## Exercise objective
In the listing below, transcribe the line that contains "Штани uni Turbat" and all lines following it, ending with the last line. Add nothing.

━━━━━ Dataset excerpts ━━━━━

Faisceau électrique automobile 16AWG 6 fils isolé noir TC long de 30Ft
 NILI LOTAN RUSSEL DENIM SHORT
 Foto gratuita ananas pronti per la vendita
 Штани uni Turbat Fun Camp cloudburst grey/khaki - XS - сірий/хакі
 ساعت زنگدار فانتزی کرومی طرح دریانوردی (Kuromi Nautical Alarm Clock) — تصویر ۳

━━━━━

## Solution
 Штани uni Turbat Fun Camp cloudburst grey/khaki - XS - сірий/хакі
 ساعت زنگدار فانتزی کرومی طرح دریانوردی (Kuromi Nautical Alarm Clock) — تصویر ۳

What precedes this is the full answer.